Meski demikian, menurut Anhar, terjadi dinamika hebat di masa awal kemerdekaan. Perubahan sistem pemerintahan Indonesia dari presidensialisme menjadi parlementarisme tak terelakkan, karena pemerintah Belanda masih berupaya menanamkan pengaruhnya di Indonesia.
“Celakanya, ketika kita menghadapi imperialis Belanda, terjadi perubahan dari presidensial ke parlementer, akhirnya Sutan Sjahrir jadi Perdana Menteri,” ujar peraih master di Universitas Leiden, Belanda.
Namun, kata Anhar, dari literatur buku ‘Tonggak-Tonggak di Perjalananku’ karya Ali Sastroamidjojo, berubahnya sistem presidensial menjadi parlementer merupakan manuver politik Hatta dan Sutan Sjahrir.
“Di situ tertulis, berubahnya sistem presidensial ke parlementer karena permainan Hatta dan Sutan Sjahrir untuk memotong kekuasaan Sukarno,” kata Anhar.
Penerapan sistem parlementer itu menimbulkan masalah berat. Sukarno, kata Anhar, tidak bisa berbuat banyak sebagai presiden, terlebih saat menyaksikan partai-partai politik berebut kuasa.
“Bagi Sukarno, persoalan besar yang dihadapi adalah selama delapan tahun itu. Ketika penerapan demokrasi liberal dengan sistem parlementer, membuat Sukarno tidak bisa berbuat apa-apa,” ujarnya.
Kejengkelan Sukarno terhadap partai-partai di parlemen tak terbendung saat peringatan Sumpah Pemuda di tahun 1956. Kala itu, Sukarno murka dan sempat berujar ingin membubarkan partai-partai politik.
Sukarno melihat yang merusak ketenangan dan menyebabkan instabilitas politik Tanah Air adalah karena partai-partai sibuk berkelahi untuk mencari kedudukan.
Tapi lagi-lagi, Sukarno tidak bisa berbuat banyak untuk mengembalikan sistem presidensial, karena dasar konstitusi Indonesia turut dirombak dari UUD 1945 ke Konstitusi RIS (Republik Indonesia Serikat).
Anhar melanjutkan, Sukarno baru menemukan momentum mengembalikan dasar konstitusi Indonesia ke UUD 1945 pada tahun 1957. Perombakan konstitusi diikuti dengan mengembalikan sistem presidensial
“Setelah memasuki tahun 1957 Sukarno mencari cara.
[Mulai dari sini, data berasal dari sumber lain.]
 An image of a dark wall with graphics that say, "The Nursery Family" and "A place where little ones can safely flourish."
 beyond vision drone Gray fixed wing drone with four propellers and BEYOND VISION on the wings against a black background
Dia betul-betul sudah melihat bahwa sistem parlementer hanya mementingkan partai-partai yang mencari kedudukan. Momen perebutan Irian Barat member ruang bagi Sukarno yang didukung militer untuk kembali ke UUD 1945 dan menjadi sistem presidensial lagi,” katanya.
Alih-alih terjebak pada perdebatan format sistem pemerintahan, Anhar mengatakan apa pun sistem yang dipilih harusnya memberi dampak kesejahteraan kepada rakyat.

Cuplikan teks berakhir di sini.